§ What is being asked: Only the lines from the opening of the material through the line bearing "Gebraucht VW Golf" should be reproduced, exactly and without pictures.

----

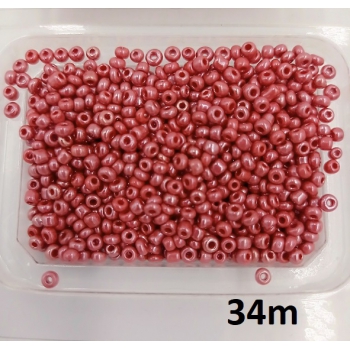 Koraliki szklane JASNY BORDO ok.0,3cm
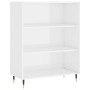 Aparador alto madera contrachapada blanco brillo 69,5x34x180 cm de vidaXL, Aparadores - Ref: Foro24-3198707, Precio: 161,23 €...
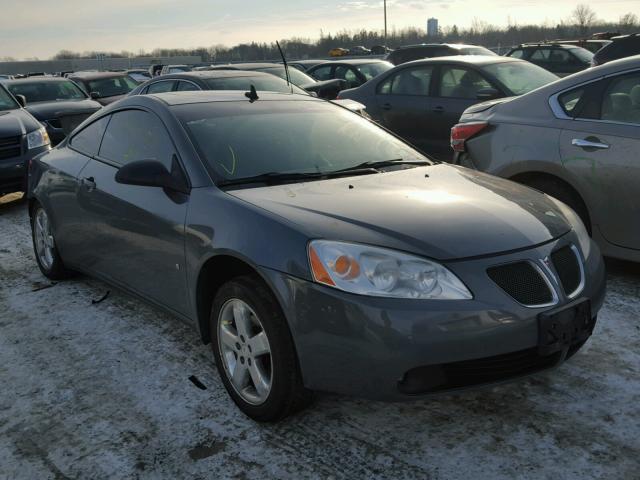 1G2ZH17NX94142938 - 2009 PONTIAC G6 GT GRAY photo 1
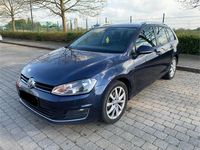 Gebraucht VW Golf VII LOUNGE 110 PS (80 kW) 2015 Blau Kombi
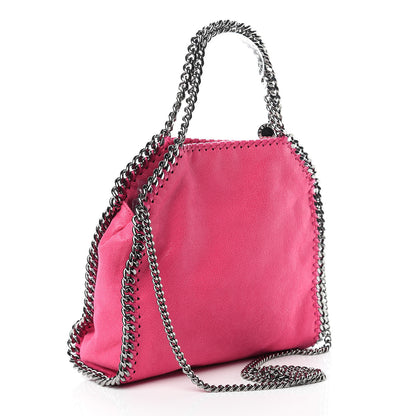 Stella McCartney Shaggy Deer Mini Falabella Fold Over Tote Hot Pink 3 of 10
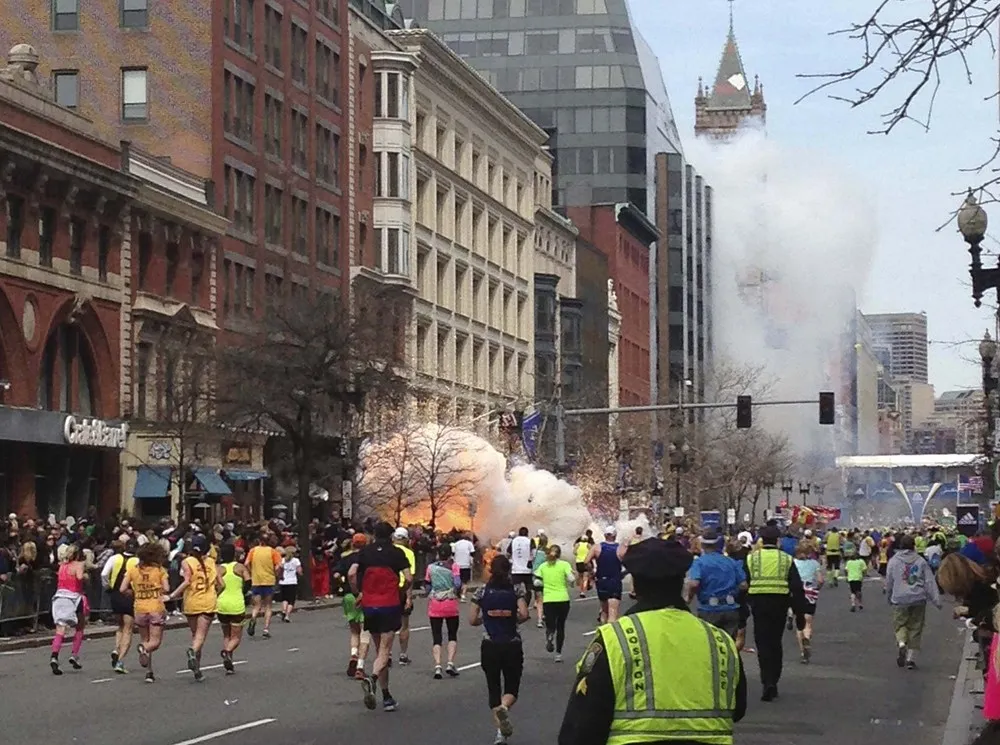 Boston Marathon Bombing (70 Photos)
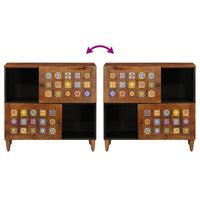 vidaXL Buffet Nogueira 80 x 33 x 75 cm Madeira de manga maciça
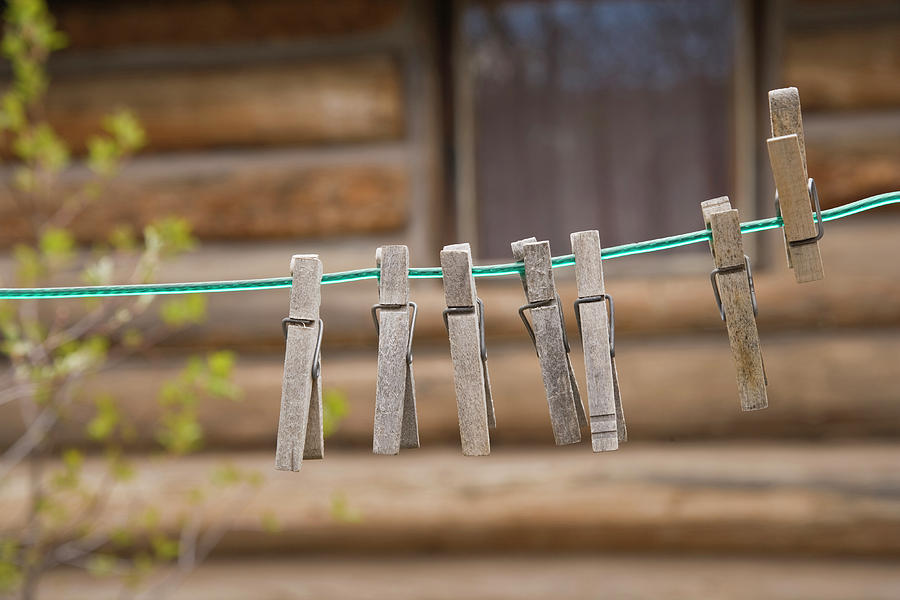 Americana Photograph - Usa, Montana Clothes Pins by Jaynes Gallery Americana Photograph - Usa, Montana Clothes Pins by Jaynes Gallery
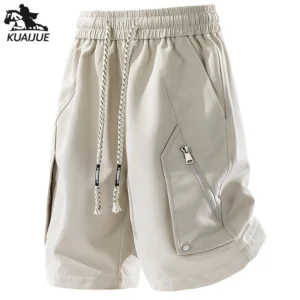 1501 Men's shorts in sizes 6XL, 7XL, 8XL, summer new men's shorts, sport solid color casual pants, five-point fitness sport pant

----

§ Task output:
 Koraliki szklane JASNY BORDO ok.0,3cm
 Aparador alto madera contrachapada blanco brillo 69,5x34x180 cm de vidaXL, Aparadores - Ref: Foro24-3198707, Precio: 161,23 €...
 1G2ZH17NX94142938 - 2009 PONTIAC G6 GT GRAY photo 1
 Gebraucht VW Golf VII LOUNGE 110 PS (80 kW) 2015 Blau Kombi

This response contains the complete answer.